As you can see, the AI can’t extract the essence of what a dumbbell is without attaching some human biceps or muscles in the picture as well. Probably, because most of the images of dumbbell it’s been spoon-fed featured people lifting the weights. By visualizing these mishaps, the engineers at their own learn about how their system works (it’s so complex that even though they designed it, the AI can sometimes seem to have a mind of its own) and build it better to fit their expectations.

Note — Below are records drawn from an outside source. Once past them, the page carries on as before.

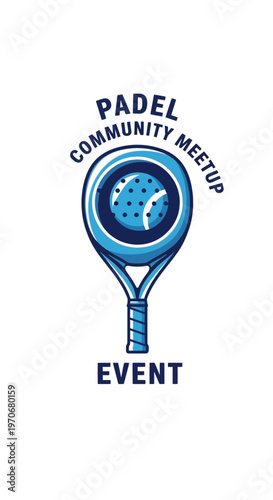 Padel Community Meetup Event Icon Sports Graphic Design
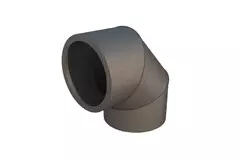 Ubbink Aerfoam Curva a 90 gradi 125 mm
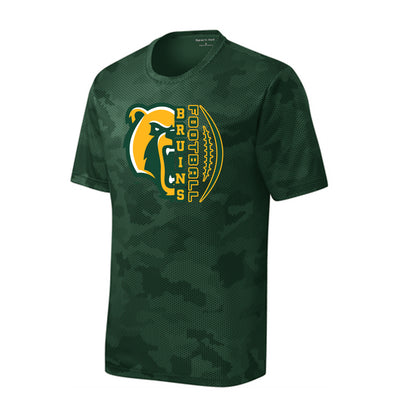 Youth Epic Bruin Football Graphic Short Sleeve Camo Competitor Performance Tee
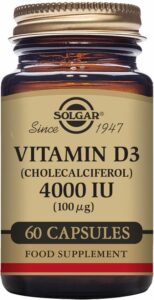 Solgar Vitamin D3 Cholecalciferol 4000 Iu 100 Mg Vegetable Capsules   Pack - Afbeelding 2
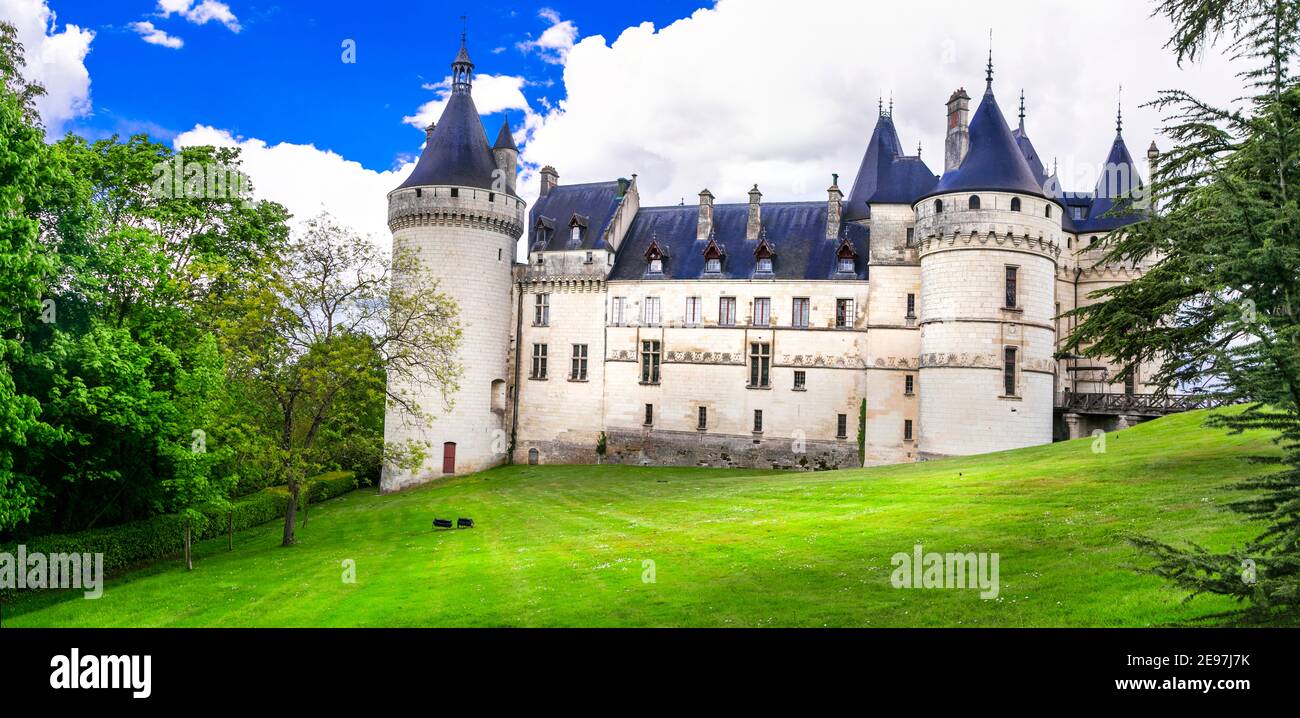 Chaumont-sur -Loire. wonderful castles of Loire valley, France travel and landmark Stock Photo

Typically, the first layer looks for edgers and corners by analyzing contrast; intermediate layers looks for basic features like a door or leaf; the final layer assembles the whole data into a complete interpretation.  Another approach Google uses to understand what goes on exactly at each layer is to work upside down and ask the AI to enhance an input image in a way that elicits a particular interpretation. For instance, the engineers asked the neural network what it thinks an image representing a banana should look like, all starting from random noise. In the blog post, they write ” that doesn’t work very well, but it does if we impose a prior constraint that the image should have similar statistics to natural images, such as neighboring pixels needing to be correlated. ”

noise-to-banana

Image: Google Research

Here are some other examples across different classes.

objects ai network

Image: Google Research

As mentioned earlier, the each layer of the Google AI amplifies a certain feature. Here are some images which shows how the AI amplifies features at a certain layer for both photos and drawings or paintings.

google ai

Image: Google Research

google ai

Image: Google Reserach

It gets far more interesting when you move farther up the neural layers where the AI starts to interpret things at a more abstract level. Here’s what happened when the researchers asked the AI “whatever you see there, I want more of it!”

Image: Google AI

Image: Google AI

This one I found really fascinating. You can see a lot of patterns and things popping up when you look at clouds in the sky: a country’s map, ducks, a woman’s breasts. The possibilities can be endless. That’s because the human brain is great at findings and fitting patterns. This is how we’re able to make sense of the world and to a greater extent that’s what makes us such a successful species. Of course, sometimes we confuse the patterns we see with reality. That’s why some people see things that look like pyramids on Mars and think intelligent Martian aliens are real. In the image above, the Google neural network interpreted some features as birds, amplified this and then it started “seeing” birds everywhere. Here are some more interesting high abstractions.

gooogle AI

Image: Google Research

Like humans, the Google neural network is also biased towards certain features because of the kind of images its been fed. Most images are those of animals, buildings, landmarks and so on. Naturally, it interprets these features even when these aren’t present.

image dream

Image: Google Research

The Google researchers also got a bit creative themselves and instructed the network to take the final image interpretation it produced and use it as the new picture to process. This renders an endless stream of new impressions.

google-ai-1

Image: Google Research

google-ai-3

Image: Google Research

Ultimately, these sort of interpretations, while incredibly fun to witness, are very important. It helps Google “understand and visualize how neural networks are able to carry out difficult classification tasks, improve network architecture, and check what the network has learned during training.” But the same process could also help humans underline their own creative process. Nobody knows exactly what human creativity is. Is it inherent to humans or can a machine also be creative? Google’s neural network, but also other examples like this extremely witty chatbot, hints towards the latter. I don’t know about you, but that sounds both amazing and scary at the same time.